Horner’s hearing seemed primed for a heated exchange of views. The media was on hand, as were Senate Sergeant-at-Arms Ben Villaflor and two sheriff’s deputies who stood post outside the hearing.
Girl Fest Hawaii founder and Democratic congressional candidate Kathryn Xian told senators Wednesday that Horner had been accused of using the expression “shuckin’ and jivin’,” which she described as a “racial slur” against African Americans. Xian said she feared for vulnerable LGBT students if a man like Horner continues to run the school board.

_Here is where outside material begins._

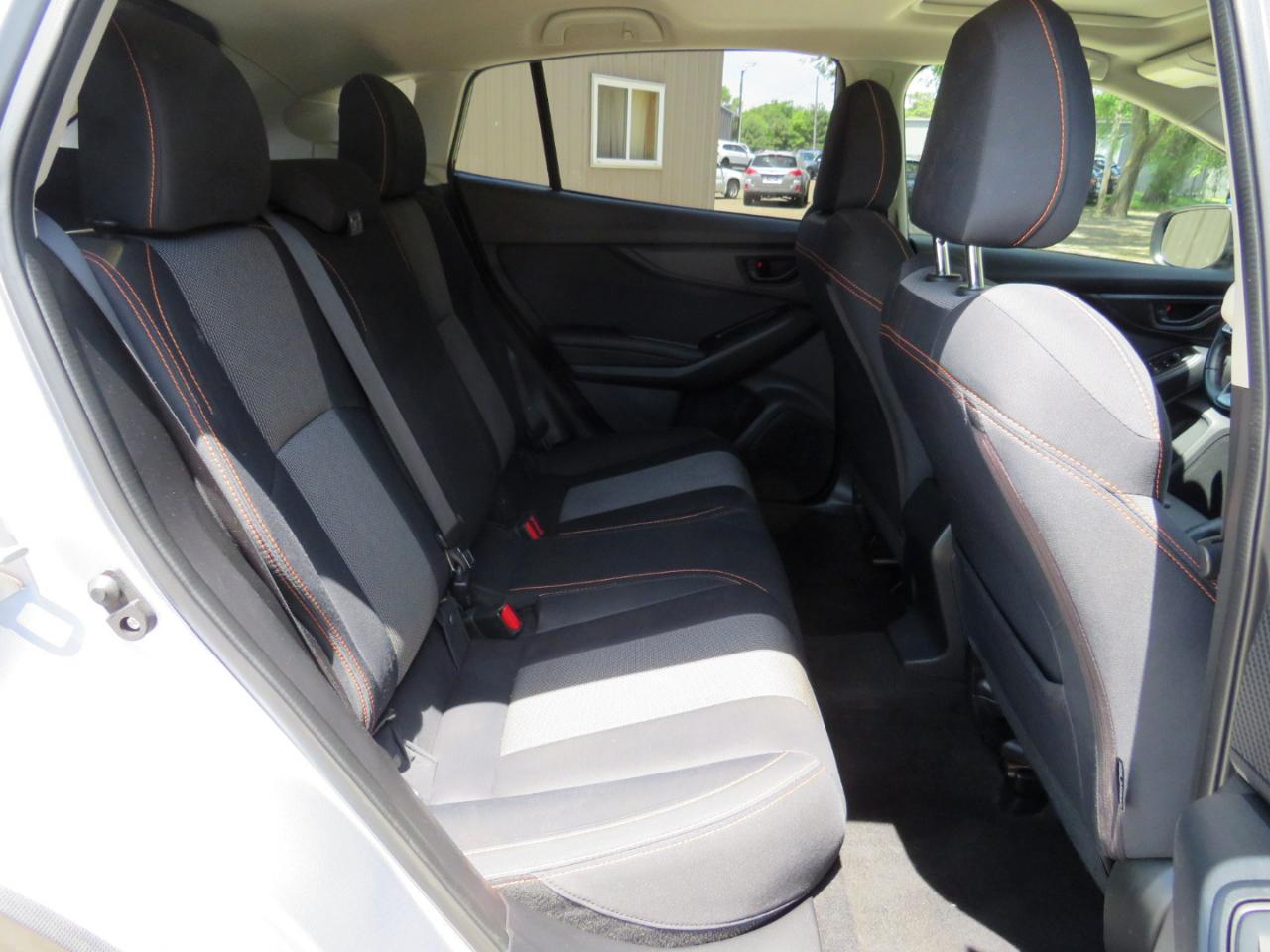 Subaru Crosstrek 2.0i Premium CVT 2018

Jo-Ann Adams, chairwoman of the Democratic Party of Hawaii‘s GLBT Caucus, said that a transgendered person — Kim Coco Iwamoto — served admirably on the school board when it was still an elected body, showing understanding for the needs and challenges of gay, lesbian, bisexual and transgendered students.

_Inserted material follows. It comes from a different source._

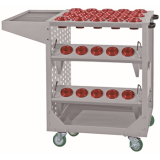 开放型刀具车配手提刀具架，ENS-182M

Voters elected to make board membership an appointed position in 2010, effective the following year when Abercrombie selected Horner.
Adams said many activists found the switch “distressing.” Horner, after all, had been a member of the Hawaii Business Roundtable that lobbied Gov. Linda Lingle to veto civil unions legislation.

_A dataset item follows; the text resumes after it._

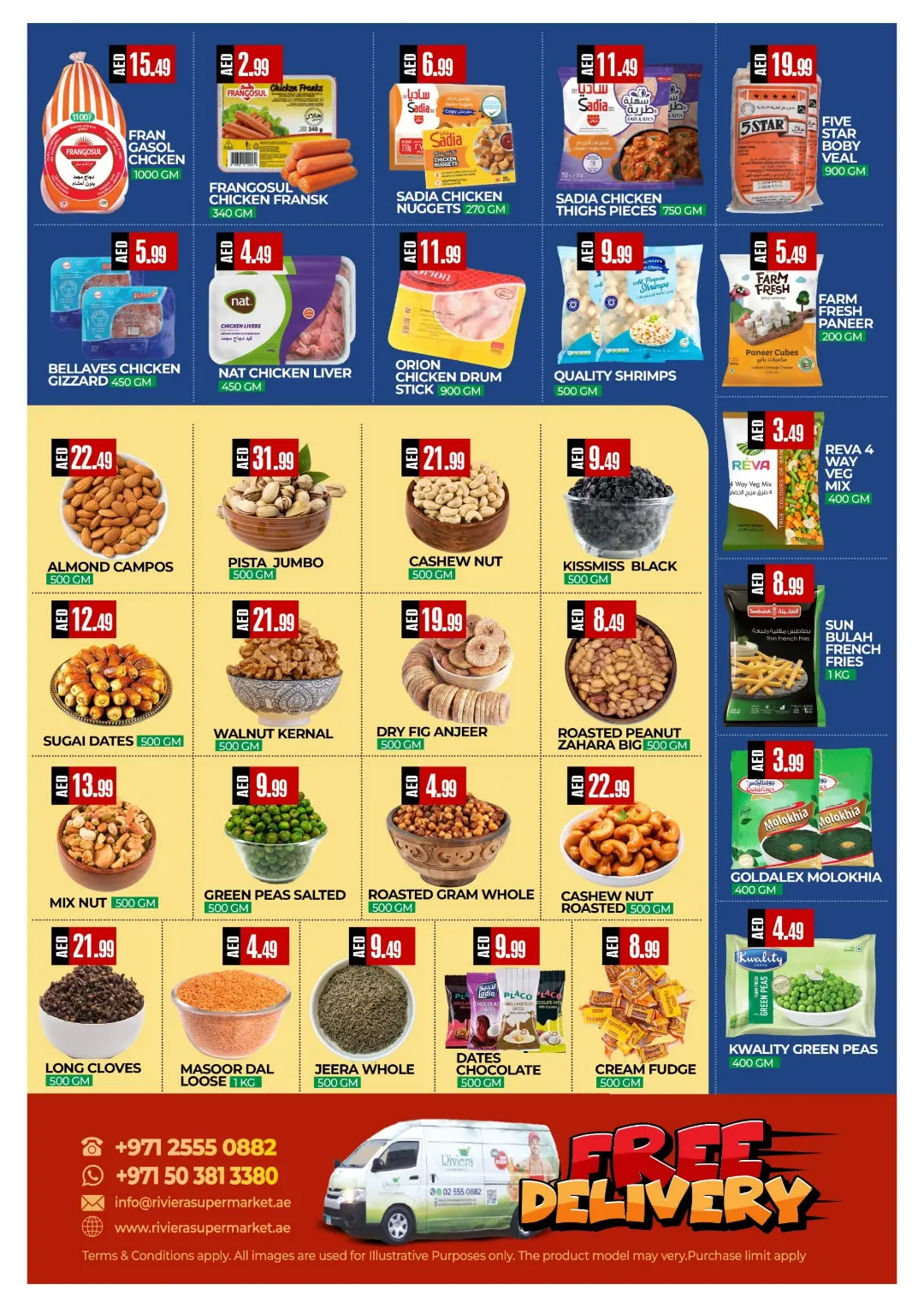 Riviera Supermarket Musaffah Offers | Latest Deals page 2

But Horner also has a lot of supporters, and they included prominent figures like Kamehameha Schools CEO Dee Jay Mailer, businessman Mitch D’Olier and Central Pacific Bank head John Dean, to name just a few. All submitted written testimony in his favor.
Most importantly, Horner appeared to have the support of the Senate Education Committee — especially Tokuda — that nonetheless felt compelled to ask Horner directly about the accusations made against him. (A fifth member, Russell Ruderman, did not attend Wednesday’s hearing.)
Under questioning from Sam Slom, Horner denied that he failed to disclose all of his affiliations when he was first named to the board in 2011, and said he was not aware of any association between New Hope Church and Transformation Hawaii, a group that aims to instill God in government.
Horner also said that he did not recall ever using the words “shuckin’ and jivin’,” and that if he somehow did say those words, he apologized and promised never to use them again.
Security was present in case the Don Horner hearing got out of hand.
Nor had Horner imposed his religious views on his BOE work, he said, or denied other people’s right to speak freely at meetings or to the board.
He pointed out that the BOE had little control over the controversial Pono Choices sexual education curriculum used by some schools, and said he expects the abstinence-based program to be retained. (A review of the program by the DOE is expected soon.)
Horner also said the BOE had no control over the renting of school facilities to outside groups, including New Hope churches, something that has been the subject of lawsuits. The idea that he was some sort of “inside agent” doing New Hope’s bidding had no basis in fact, he said.
Slom asked Horner if he wanted to respond to the charge that he is a religious bigot. Horner declined, saying, “No, sir. I have chosen to be in the public square, and the public has a right to judge. But I ask that they judge with asking rather than just assuming.”
What Horner had accomplished on his three years on the board, he said, was to “crystallize” a strategic plan for schools that is currently being implemented.
“There were lots of chefs in the kitchen before,” said Horner. “We now have clarity and purpose and are moving forward.”
At one point, Slom reminded Horner that when he was appointed to his first term in 2011, there was no public outcry.
“Everyone thought you were walking on water,” Slom said, perhaps aware of the religious analogy.
“No deed goes unpunished,” Horner replied.